# Random Foreign language words



## Jhong253 (Apr 3, 2009)

So... I was doing my French homework when I ran across two words that I never heard before and the book doesn't even mention them.

Sopalin and trombones.

I tried everything to find what these words meant, but no luck.
Any French people out there, do you know what these mean?

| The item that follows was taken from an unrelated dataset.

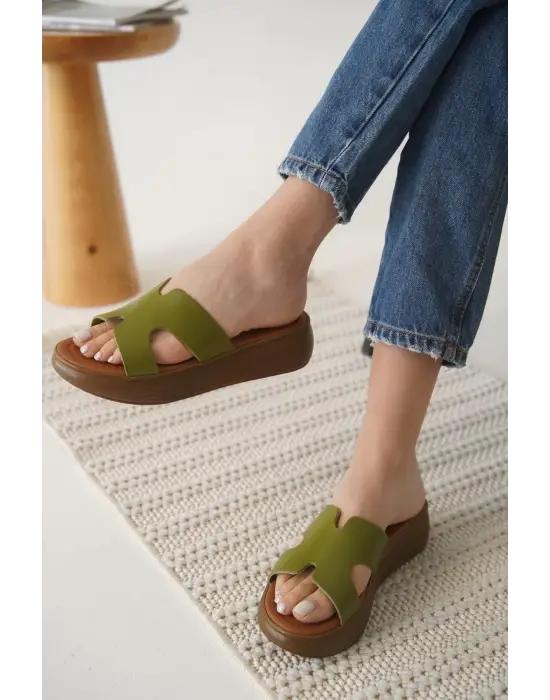 Borlina Haki Yeşil Hakiki Deri Terlik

Do any of you out there come across random words like that in your foreign language classes?


----------



## Samlambert (Apr 3, 2009)

A "trombone" can be 2 things.

http://www.jupiterinstrument.fr/jup...iter-france.images/trombones/JSL-740-L-HD.jpg

http://www.maunoury.net/images/trombones.gif

As for "Sopalin" I dont know what it is.


----------



## Sa967St (Apr 3, 2009)

I think a trombone is a paperclip.


----------



## Jhong253 (Apr 3, 2009)

Samlambert said:


> A "trombone" can be 2 things.
> 
> http://www.jupiterinstrument.fr/jup...iter-france.images/trombones/JSL-740-L-HD.jpg
> 
> ...



See what I mean, there are random words out there popping out of homework. Who else experienced the same thing?

Anyway, I don't think it's trombone the instrument in my hw's context. The homework is about chores, what items are sold in what shop and stuff, so I guess... paperclips from your 2nd picture?

EDIT: Oops, didn't see Sa967St's post. My bad.


----------



## Ellis (Apr 3, 2009)

sopalin = paper towels?

I think it's a brand name but they're more generally referred to as that. I could be wrong.


----------



## TMOY (Apr 3, 2009)

You're right, it's a brand name used as a common name. At least here in France, since Sam doesn't seem to know it.


----------



## Carugo (Apr 3, 2009)

Just for the record, Sopalin comes from "*So*ciété du *pa*pier *li*nge" wich was the company who invented it in 1946.

"Société du papier linge" could be (badly) translated "linen paper company"


----------



## Jhong253 (Apr 3, 2009)

Ah, no wonder why I couldn't find anything about that.


----------